Responses to Scarcity and Bifurcated Fandom in South Africa

Stelios to Nyasha:

 

(a) Could you provide a short paragraph on how the "decimalization" argument applies to football fandom?

(b) Could you define "forensic apartheid studies"?  More specifically, as I read (https://apartheidstudies.wordpress.com/2019/09/05/towards-apartheid-studies/ ), I am interested to know more about whether "forensic" is a metaphor from criminal justice to emphasize that apartheid studies is a form of criminal investigation into history (the crime being apartheid and the task being to prove that harm has been done and that there is a guilty offender) or does "forensic" apply in the common sense, i.e., investigating cases where specific apartheid-motivated crimes have been committed (or both).

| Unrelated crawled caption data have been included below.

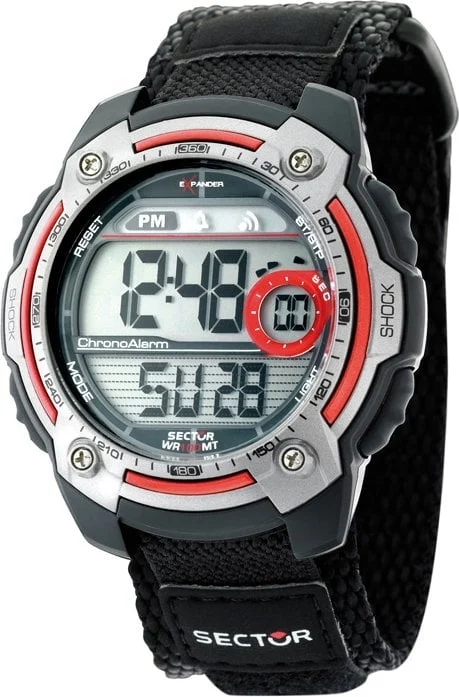 Sector Expander R3251172085 51 mm kol saati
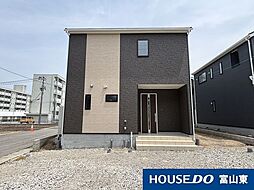 富山県中新川郡立山町前沢新町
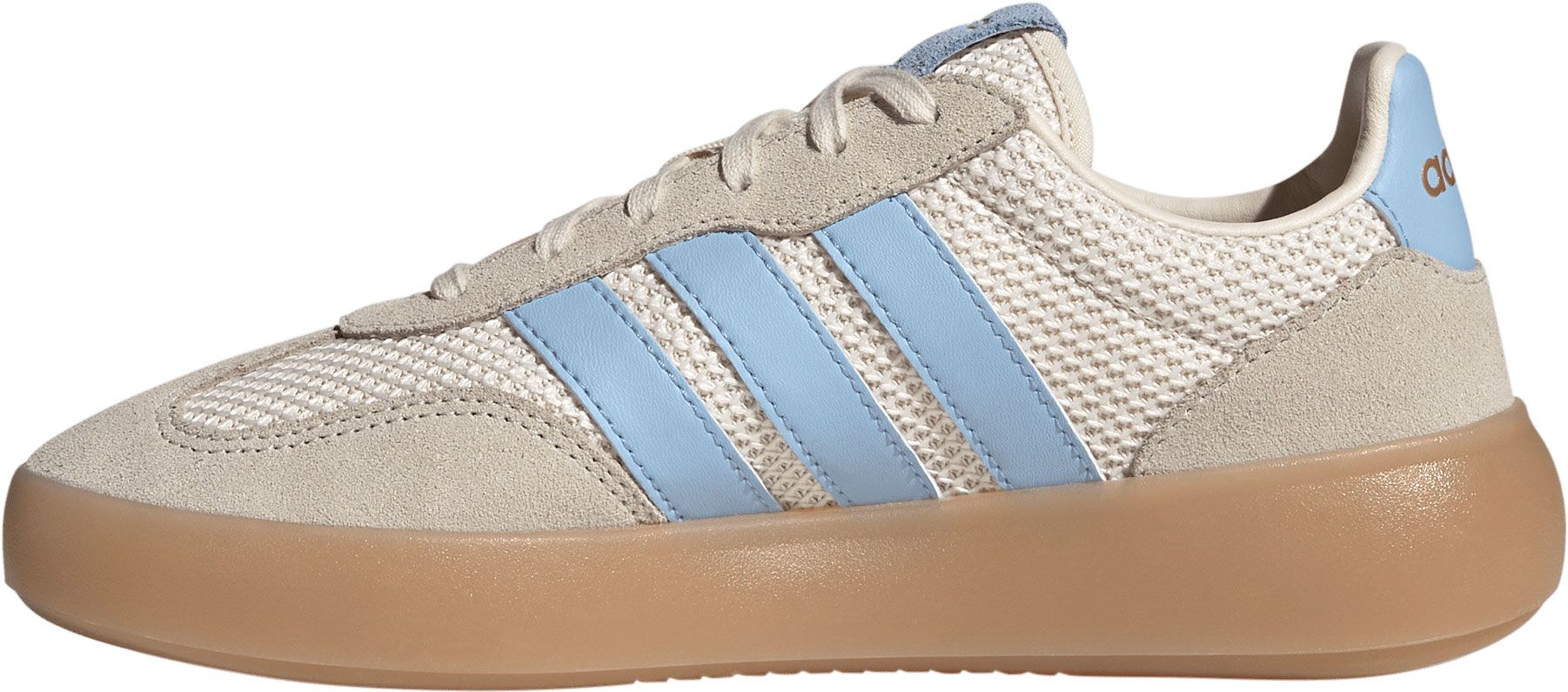 adidas Women's Barreda Decode Shoes product image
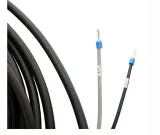 RPM 777 528/10000 10m DC Power Cable with Connector for Baseband 6630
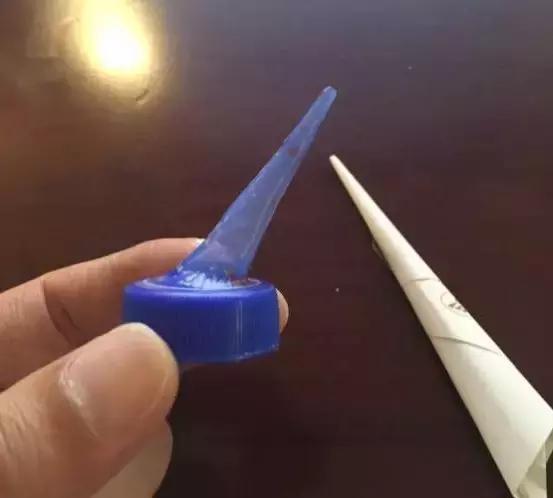 绿萝专用自吸花盆,绿萝吊兰怎么养才能长满花盆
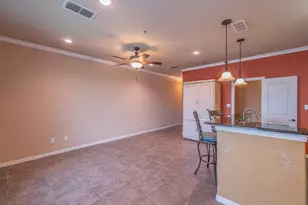 260 Corinna Ct, Hurst, TX 76053 - Photo 5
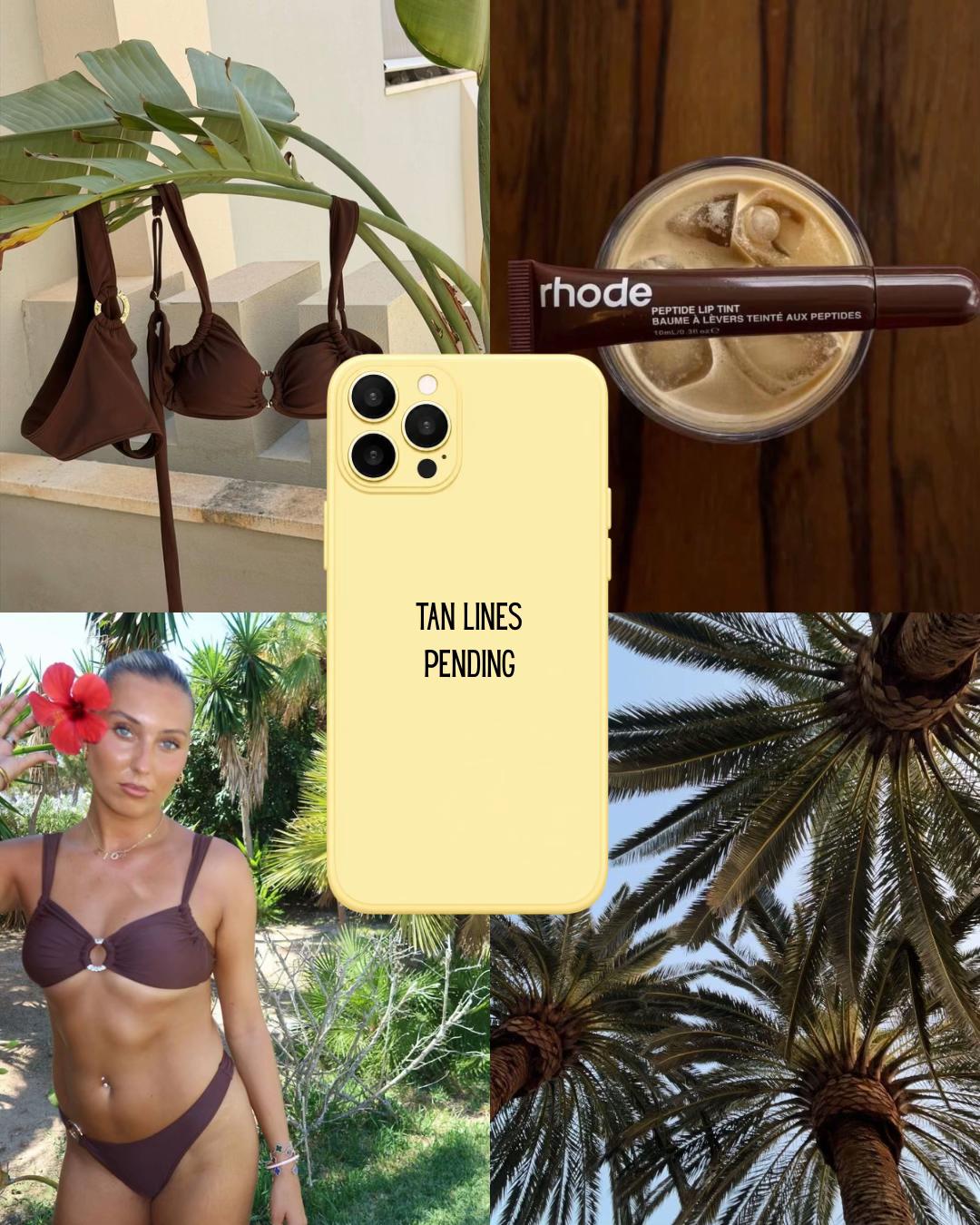 @That ‘Kini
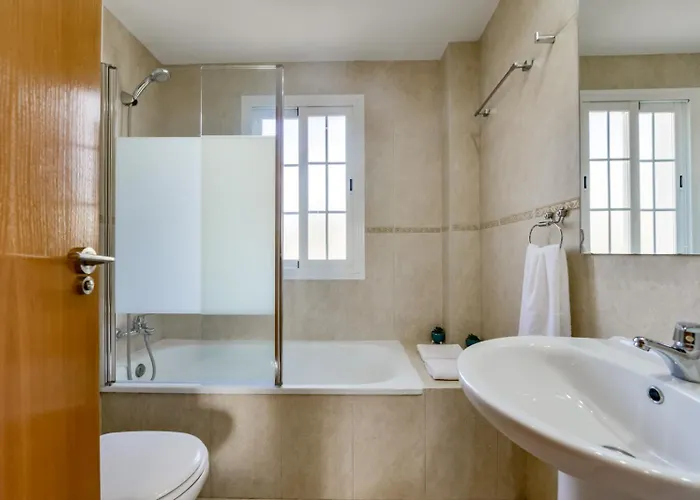 Guzman - Andrea Calpe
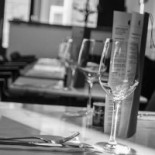 Bistro Croquant Maastricht Geverifieerd Boisson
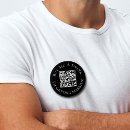 Search for bachelor badges Bachelorette party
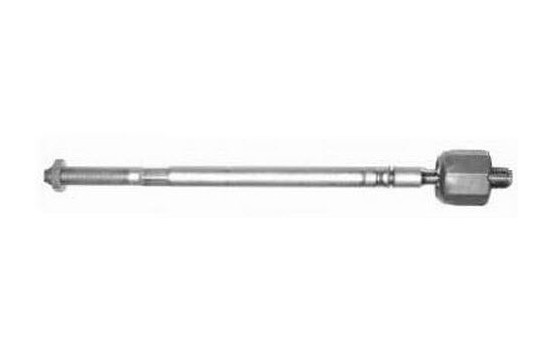 Tie Rod Axle Joint 240512 ABS
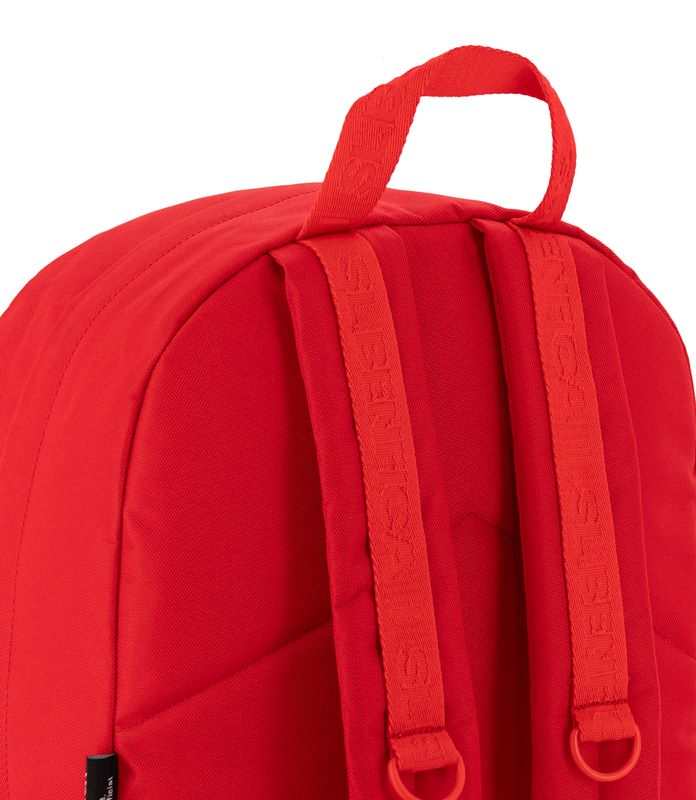 Mochila Escolar SLB 43cm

Nyasha pasting some text from some early email responses for additional context [we have already seen this - am just creating a thread for the record. Dora had asked about “good neighbourliness”: “I wanted to make sure I understand the concept of "good neighborliness." Is a central/defining component of that concept that the one-tenth and the nine-tenths need each other? The term itself--"good neighborliness"--seems to suggest a spatial organization of that inequality. Would you say that it is intended to describe, for example, how wealth and poverty exist side by side in cities in (South) Africa (so, for example, extremely wealthy neighborhoods existing and maintaining good relations with extremely poor neighbors right outside their borders)?”]: 


“Good neighbourliness” is the definition of apartheid advanced by the so-called father or architect of apartheid, HF Verwoerd. In 1961, Verwoerd, in a broadcast, defined apartheid as "a policy of good neighbourliness" (https://www.youtube.com/watch?v=vPCln9czoys). He was, of course, trying to euphemise and airbrush apartheid. In my work, I turn this definition against itself, because I see that apartheid is indeed a policy of good neighbourliness, but just not in the sense Verwoerd meant to euphemise it. Rather I show in the emerging framework of apartheid studies (AS) that apartheid has two forms, a primitive one and an advanced one (just like a butterfly). Primitive apartheid is what we typically know and recognise as apartheid (1948-1994 in South Africa). It is easy to mobilise against, as proven at Sharpeville (1960) and Soweto (1976), and so on. It is primitive because it is merely the first draft of apartheid, a rehearsal or caterpillar stage of the butterfly. But the more data apartheid gathers, the better it gets at what does it. It becomes more "normal" and "beautiful". In other words, we notice it less and less, and it becomes a part of the furniture. We begin to live our everyday lives according to the very structures that we used to recognise as alien impositions, but have now become less urgent as targets of our disquiet. We now have other more urgent things to focus on, such as paying bills and catering for household expenditure. When we no longer notice apartheid, even if it is still there, we become "good neighbours". This is the butterfly stage of apartheid that apartheid has always been aiming for - the highest stage o apartheid. We struggle to see the caterpillar in the butterfly - or even if we do, we do not have the energy for it anymore. Thus life goes on as best as it can, or as best as it knows how.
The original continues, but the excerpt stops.